[Starlink] 300ms Telecommunication Latency and FTL Communication
Colin_Higbie
CHigbie1 at Higbie.name
Fri Jun 7 13:00:25 EDT 2024
Yes, of course it differs for different people. Statistics doesn't care. There will be a mean and median for any sample. Statistical analysis already expects no two people are identical.
Good point on the interruptions being longer due to longer fix. That makes my original equation a bit more complex, but, to your point, it only intensifies the problem with each ms of added latency being worse than the one before.
Cheers,
Colin
-----Original Message-----
From: David Lang <david at lang.hm>
Sent: Friday, June 7, 2024 12:57 PM
To: Colin_Higbie <CHigbie1 at Higbie.name>
Cc: Sebastian Moeller <moeller0 at gmx.de>; David Lang <david at lang.hm>; starlink at lists.bufferbloat.net
Subject: RE: [Starlink] 300ms Telecommunication Latency and FTL Communication
On Fri, 7 Jun 2024, Colin_Higbie wrote:
> GREAT, GREAT point on the increased likelihood of unintentional
> interruptions and talking over each other the higher the latency. I
> had not thought of that before, but I think that's a compelling and
> easily measurable metric. It also gives a clear cost-based selling
> advantage to the ISP with lower latency, which should make it
> attractive to business: if an ISP can say to a business (or at-home
> worker): based on our 20ms lower latency, you will save 3 minutes per
> day in lost annoyances due to accidental interruptions, that has a
> value per person in those calls of $X. Therefore, you should switch your business to us.
>
> I do still think, at least for me as a speaker, that video feedback
> that does not "feel" like it provides instant video feedback in the
> form of real-time facial expressions to show audience feedback for the
> speaker is more critical (I can stomach small delays on audio feedback
> after I ask a question, but not on video feedback, which I need while
> I'm talking), but I do think the interruption piece is also very real.
> Further, my point on video is almost binary – either I'm getting close
> enough to real-time feedback or I'm not and need to plod on without
> it, which diminishes its value as an argument for lower latency.
the problem is drawing the line at what latency is the problem. This is going to be different for different people and take quite a bit of experimentation to discover (and I would not be surprised if someone who is doing testing is learing how to cope with longer latencies, so you can't just increase/decrease the latency in a predictable manner, you would need to randomize it and ask after each call how good/bad it was)
> In contrast, the increase in accidental interruptions in audio (and
> video too
> presumably) would scale with latency (not binary means much better for
> an argument to the ISP). Every 1ms of additional latency would provide
> a small but measurable % increase in the amount of accidental interruptions.
> Conversely, the lower the latency, the fewer of these. This means that
> there's not merely a "good enough" level on latency (at least not
> above human reaction time), but rather the lower the better in a very
> tangible way.
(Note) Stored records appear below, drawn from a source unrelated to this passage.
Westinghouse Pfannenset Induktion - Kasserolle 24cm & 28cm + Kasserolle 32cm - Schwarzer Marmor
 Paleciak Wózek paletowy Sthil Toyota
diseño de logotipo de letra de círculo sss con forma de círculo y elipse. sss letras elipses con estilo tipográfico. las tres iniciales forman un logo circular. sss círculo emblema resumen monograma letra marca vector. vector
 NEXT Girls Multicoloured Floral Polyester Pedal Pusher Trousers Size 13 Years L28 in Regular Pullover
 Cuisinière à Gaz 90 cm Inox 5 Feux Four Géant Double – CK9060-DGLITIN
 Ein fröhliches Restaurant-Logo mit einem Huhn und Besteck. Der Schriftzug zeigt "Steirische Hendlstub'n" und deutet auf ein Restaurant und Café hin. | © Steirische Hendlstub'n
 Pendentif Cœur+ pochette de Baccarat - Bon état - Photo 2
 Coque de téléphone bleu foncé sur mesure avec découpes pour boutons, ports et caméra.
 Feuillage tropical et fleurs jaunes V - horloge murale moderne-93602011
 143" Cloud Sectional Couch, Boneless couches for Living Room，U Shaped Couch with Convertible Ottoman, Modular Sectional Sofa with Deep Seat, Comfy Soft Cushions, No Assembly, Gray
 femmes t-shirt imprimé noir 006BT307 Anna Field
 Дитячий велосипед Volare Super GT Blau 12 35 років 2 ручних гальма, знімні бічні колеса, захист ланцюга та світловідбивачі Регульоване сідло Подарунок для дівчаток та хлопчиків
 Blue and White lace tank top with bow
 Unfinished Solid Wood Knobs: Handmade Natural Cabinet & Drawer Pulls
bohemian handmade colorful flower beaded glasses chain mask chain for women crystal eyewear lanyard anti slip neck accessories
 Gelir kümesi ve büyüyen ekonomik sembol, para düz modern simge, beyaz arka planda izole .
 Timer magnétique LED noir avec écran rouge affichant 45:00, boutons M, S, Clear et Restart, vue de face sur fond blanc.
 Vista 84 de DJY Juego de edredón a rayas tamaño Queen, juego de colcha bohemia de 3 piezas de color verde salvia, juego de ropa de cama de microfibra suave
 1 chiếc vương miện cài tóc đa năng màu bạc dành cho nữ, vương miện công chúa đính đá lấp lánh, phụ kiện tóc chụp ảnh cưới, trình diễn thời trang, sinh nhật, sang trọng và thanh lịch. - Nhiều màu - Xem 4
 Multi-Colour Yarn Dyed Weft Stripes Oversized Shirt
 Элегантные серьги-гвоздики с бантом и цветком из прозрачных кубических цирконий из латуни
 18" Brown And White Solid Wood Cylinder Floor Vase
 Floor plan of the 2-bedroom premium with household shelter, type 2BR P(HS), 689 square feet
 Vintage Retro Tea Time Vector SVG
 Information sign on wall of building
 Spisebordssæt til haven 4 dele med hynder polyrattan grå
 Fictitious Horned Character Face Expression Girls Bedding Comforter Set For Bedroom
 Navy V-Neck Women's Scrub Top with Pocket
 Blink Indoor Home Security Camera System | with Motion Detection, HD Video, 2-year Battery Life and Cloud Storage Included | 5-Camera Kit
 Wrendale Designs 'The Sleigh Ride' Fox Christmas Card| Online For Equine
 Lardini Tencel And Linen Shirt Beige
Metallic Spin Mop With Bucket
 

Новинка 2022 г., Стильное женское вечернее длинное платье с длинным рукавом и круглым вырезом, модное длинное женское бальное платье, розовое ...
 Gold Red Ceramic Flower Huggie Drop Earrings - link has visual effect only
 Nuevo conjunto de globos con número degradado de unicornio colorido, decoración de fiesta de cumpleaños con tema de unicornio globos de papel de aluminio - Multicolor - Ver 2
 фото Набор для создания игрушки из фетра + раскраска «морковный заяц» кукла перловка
This should be a compelling and objective argument.
>
> I'm not aware of any study, but it stands to reason that every
> interruption results in X seconds of lost productive talking time. Say
> X = 5s. While we don't know the slope of the function:
> #_accidental_interruptions = [some unknown slope] x (latency_in_ms -
> minimal_human_reaction_threshold_in_ms),
> where minimal_human_reaction_threshold_in_ms probably equals something
> like 20
> - 50ms. As soon as latency > minimal_human_reaction_threshold_in_ms,
> #_accidental_interruptions becomes a positive number and lost
> productivity also increases at 5s/interruption (using above assumption).
I also think the interruptions will be longer with higher latency as it will be harder to sync up.
> Even if there is no such study, this is clearly an easily studyable
> metric to establish the typical human reaction time (that's probably
> already known), the mean and median time lost per accidental
> interruption, and the key piece: the slope of the line or shape of the
> function that says how many additional accidental interruptions occur
> for every ms of added latency. Anyone here looking for an academic
> study with a simple metric to provide data to ISP on economic value in
> reducing latency that is simple enough that even a high-school kid could understand the meaning, this might be it.
or can anyone setup a simple router/pi image that can introduce arbitrary latency and then let's see if we can find some high school students looking for a science projct. That may not get the academia stamp of approval, but if we can get a bunch of people around the world to test things, we would get data back faster than waiting for a more academic process (and it could potentially feed into such a process)
it doesn't even need to be a full blown video conferencing program in use, but with more people on the call, there's more chance of interruptions.